Query one or more sources. Most of the advanced options offered here apply mostly to search collections (and can be specified on a per collection basis as well in the form of their associated sources). If you use the browse mode, search results will be cached into a temporary file and can be browsed using the query-browse function. The SOAP name of this function is: QuerySearch
Synopsis
query-results nodeset query-search(query, query-object, query-condition-object, query-condition-xpath, query-modification-macros, sources, start, syntax-operators, syntax-repository-node, syntax-field-mappings, sort-by, sort-xpaths, sort-score-xpath, sort-num-passages, rank-decay, num, num-over-request, num-per-source, num-max, browse, browse-num, browse-start, browse-clusters-num, term-expand-max-expansions, term-expand-error-when-exceeds-limit, spelling-enabled, spelling-configuration, dict-expand-dictionary, dict-expand-max-expansions, dict-expand-stem-enabled, dict-expand-stem-stemmers, dict-expand-wildcard-enabled, dict-expand-wildcard-min-length, dict-expand-wildcard-segmenter, dict-expand-wildcard-delanguage, dict-expand-regex-enabled, arena, output-contents-mode, output-contents, output-summary, output-score, output-shingles, output-duplicates, output-key, output-cache-references, output-cache-data, output-sort-keys, output-axl, output-bold-contents, output-bold-contents-except, output-bold-class-root, output-query-node, output-display-mode, authorization-rights, authorization-username, authorization-password, collapse-xpath, collapse-num, collapse-binning, collapse-sort-xpaths, binning-state, binning-mode, binning-configuration, force-binning, fetch, fetch-timeout, aggregate, aggregate-max-passes, cluster, cluster-near-duplicates, cluster-kbs, cluster-stemmers, cluster-segmenter, efficient-paging, efficient-paging-n-top-docs-to-cluster, debug, profile, extra-xml);
string query;
operator nodeset query-object;
operator nodeset query-condition-object;
string query-condition-xpath;
string query-modification-macros;
string sources;
int start;
string syntax-operators;
string syntax-repository-node;
field-map nodeset syntax-field-mappings;
string sort-by;
sort nodeset sort-xpaths;
string sort-score-xpath;
int sort-num-passages;
double rank-decay;
int num;
double num-over-request;
int num-per-source;
int num-max;
boolean browse;
int browse-num;
int browse-start;
int browse-clusters-num;
int term-expand-max-expansions;
boolean term-expand-error-when-exceeds-limit;
boolean spelling-enabled;
spelling-correction nodeset spelling-configuration;
string dict-expand-dictionary;
int dict-expand-max-expansions;
boolean dict-expand-stem-enabled;
string dict-expand-stem-stemmers;
boolean dict-expand-wildcard-enabled;
int dict-expand-wildcard-min-length;
string dict-expand-wildcard-segmenter;
boolean dict-expand-wildcard-delanguage;
boolean dict-expand-regex-enabled;
string arena;
enum output-contents-mode;
string output-contents;
boolean output-summary;
boolean output-score;
boolean output-shingles;
boolean output-duplicates;
boolean output-key;
boolean output-cache-references;
boolean output-cache-data;
boolean output-sort-keys;
nodeset output-axl;
string output-bold-contents;
boolean output-bold-contents-except;
string output-bold-class-root;
boolean output-query-node;
enum output-display-mode;
string authorization-rights;
string authorization-username;
string authorization-password;
string collapse-xpath;
int collapse-num;
boolean collapse-binning;
sort nodeset collapse-sort-xpaths;
string binning-state;
enum binning-mode;
binning-setnodeset binning-configuration;
boolean force-binning;
boolean fetch;
int fetch-timeout;
boolean aggregate;
int aggregate-max-passes;
boolean cluster;
double cluster-near-duplicates;
string cluster-kbs;
string cluster-stemmers;
string cluster-segmenter;
boolean efficient-paging;
int efficient-paging-n-top-docs-to-cluster;
boolean debug;
boolean profile;
nodeset extra-xml;
Parameters
- string query - A query string which will be parsed using the syntax-operators. This is convenient to pass user generated queries.

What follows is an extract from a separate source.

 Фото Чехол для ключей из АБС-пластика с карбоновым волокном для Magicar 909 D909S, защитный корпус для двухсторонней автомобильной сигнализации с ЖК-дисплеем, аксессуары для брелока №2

- operatornodeset query-object - A query object (similar to the object obtained by parsing the
query string according to the syntax). This query object is convenient to pass programmatically generated queries (as it is much easier to manipulate unambiguously). When both a query string and a query object are specified they are combined with an "and" operator. It is perfectly fine to specify both (to combine a user generated query with a programmatic condition for example).

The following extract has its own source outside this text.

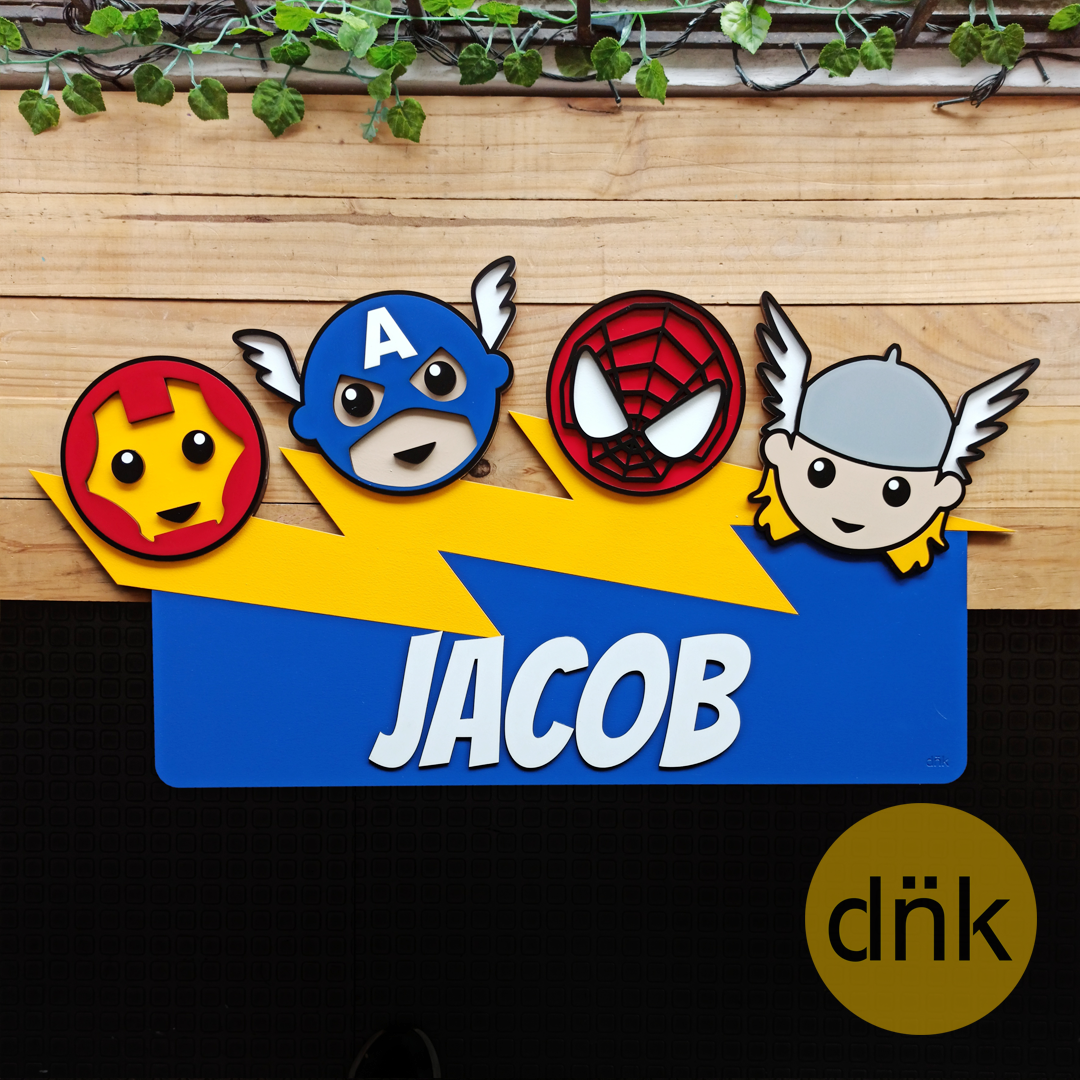 Cartel Superhéroes con Nombre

- operatornodeset query-condition-object - A query object (similar to the object obtained by parsing the
query string according to the syntax) which will be interpreted as a condition on top of both query and query-object but only used to restrict results and not rank them.

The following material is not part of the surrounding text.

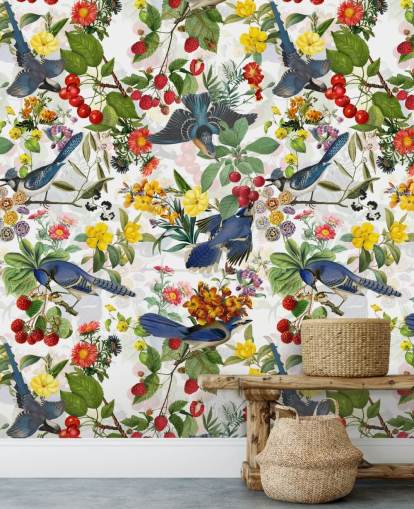 blue birds and red and yellow flowers wallpaper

- string query-condition-xpath - An XPath used to restrict the set of results (but not rank them) combined with the other query parameters.
- string query-modification-macros - Space separated list of macros used to modify the original query.
- string sources - Space separated list of sources to be queried. If not specified then no source will be queried (that can be convenient when trying to see how the query is parsed and/or expanded without actually running it).
- int start - The rank of the first document returned by each source/collection (starts at 0). This only makes sense when there is only one collection. If you are federating multiple sources you should use browse-start. If you are only federating search collections it is possible to be more efficient to get the "next" set of results by passing a start for each collection (as a field) based on what has been retrieved for the first request. Default value: 0.
- string syntax-operators - A space separated list of operator names. These operators need to be defined in the syntax repository node referenced here.You can use query-search only for parsing a query by submitting it without any source selected. Default value: AND and () CONTAINING CONTENT %field%: + NEAR - NOT NOTCONTAINING NOTWITHIN OR0 quotes regex stem THRU BEFORE FOLLOWEDBY weight wildcard wildchar WITHIN WORDS site less-than less-than-or-equal greater-than greater-than-or-equal equal range.
- string syntax-repository-node - The name of a syntax node (containing the definition of syntax operators) that will be loaded from the repository. Default value: custom.
- field-map nodeset syntax-field-mappings - A set of field mappings.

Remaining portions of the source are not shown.